§ Problem to solve: Please restate word for word, and with nothing added, the lines that run from the one holding "トリッカーズ TRICKER\u0027S カントリーブーツ" to the end of the entries below.

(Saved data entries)
******************************
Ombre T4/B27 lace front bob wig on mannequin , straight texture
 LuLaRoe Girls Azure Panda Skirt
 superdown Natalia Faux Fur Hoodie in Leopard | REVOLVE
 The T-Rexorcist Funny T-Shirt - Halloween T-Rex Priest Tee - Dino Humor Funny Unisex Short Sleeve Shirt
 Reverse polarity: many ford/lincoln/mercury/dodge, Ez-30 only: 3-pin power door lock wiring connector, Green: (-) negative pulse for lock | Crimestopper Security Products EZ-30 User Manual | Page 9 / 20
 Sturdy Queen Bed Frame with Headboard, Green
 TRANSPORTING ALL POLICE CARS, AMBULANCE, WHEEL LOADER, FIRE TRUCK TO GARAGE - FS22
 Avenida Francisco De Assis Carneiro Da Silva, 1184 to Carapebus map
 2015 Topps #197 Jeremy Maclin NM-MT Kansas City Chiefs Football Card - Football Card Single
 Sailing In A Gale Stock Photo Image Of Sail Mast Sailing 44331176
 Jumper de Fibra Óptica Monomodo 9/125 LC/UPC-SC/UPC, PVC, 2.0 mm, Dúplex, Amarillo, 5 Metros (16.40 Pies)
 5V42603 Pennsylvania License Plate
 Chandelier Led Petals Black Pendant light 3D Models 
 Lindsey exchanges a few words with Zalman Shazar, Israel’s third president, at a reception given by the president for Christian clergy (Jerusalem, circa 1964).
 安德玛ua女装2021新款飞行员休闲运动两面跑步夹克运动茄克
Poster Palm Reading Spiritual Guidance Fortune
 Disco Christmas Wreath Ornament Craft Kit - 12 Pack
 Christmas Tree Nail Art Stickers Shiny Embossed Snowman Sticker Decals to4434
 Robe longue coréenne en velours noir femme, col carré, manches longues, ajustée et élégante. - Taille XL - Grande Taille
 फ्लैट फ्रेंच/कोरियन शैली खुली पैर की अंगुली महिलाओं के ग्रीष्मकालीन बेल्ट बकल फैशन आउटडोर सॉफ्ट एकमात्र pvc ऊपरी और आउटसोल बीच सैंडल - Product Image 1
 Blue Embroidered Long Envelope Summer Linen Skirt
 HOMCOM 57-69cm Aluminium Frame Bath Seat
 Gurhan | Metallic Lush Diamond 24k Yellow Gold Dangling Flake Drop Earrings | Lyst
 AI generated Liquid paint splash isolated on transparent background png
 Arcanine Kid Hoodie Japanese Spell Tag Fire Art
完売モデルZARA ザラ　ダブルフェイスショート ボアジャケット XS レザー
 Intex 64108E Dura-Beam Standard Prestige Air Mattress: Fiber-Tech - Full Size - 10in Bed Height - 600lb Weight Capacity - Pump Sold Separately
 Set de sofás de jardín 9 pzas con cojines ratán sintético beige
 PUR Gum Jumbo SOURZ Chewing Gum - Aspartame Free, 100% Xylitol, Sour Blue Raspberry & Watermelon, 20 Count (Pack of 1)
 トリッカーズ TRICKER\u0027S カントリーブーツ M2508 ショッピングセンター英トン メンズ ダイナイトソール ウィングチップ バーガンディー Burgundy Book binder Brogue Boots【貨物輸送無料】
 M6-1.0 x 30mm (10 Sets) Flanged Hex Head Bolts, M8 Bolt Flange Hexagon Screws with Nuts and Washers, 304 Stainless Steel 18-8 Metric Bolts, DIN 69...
******************************
§ The answer:
 トリッカーズ TRICKER\u0027S カントリーブーツ M2508 ショッピングセンター英トン メンズ ダイナイトソール ウィングチップ バーガンディー Burgundy Book binder Brogue Boots【貨物輸送無料】
 M6-1.0 x 30mm (10 Sets) Flanged Hex Head Bolts, M8 Bolt Flange Hexagon Screws with Nuts and Washers, 304 Stainless Steel 18-8 Metric Bolts, DIN 69...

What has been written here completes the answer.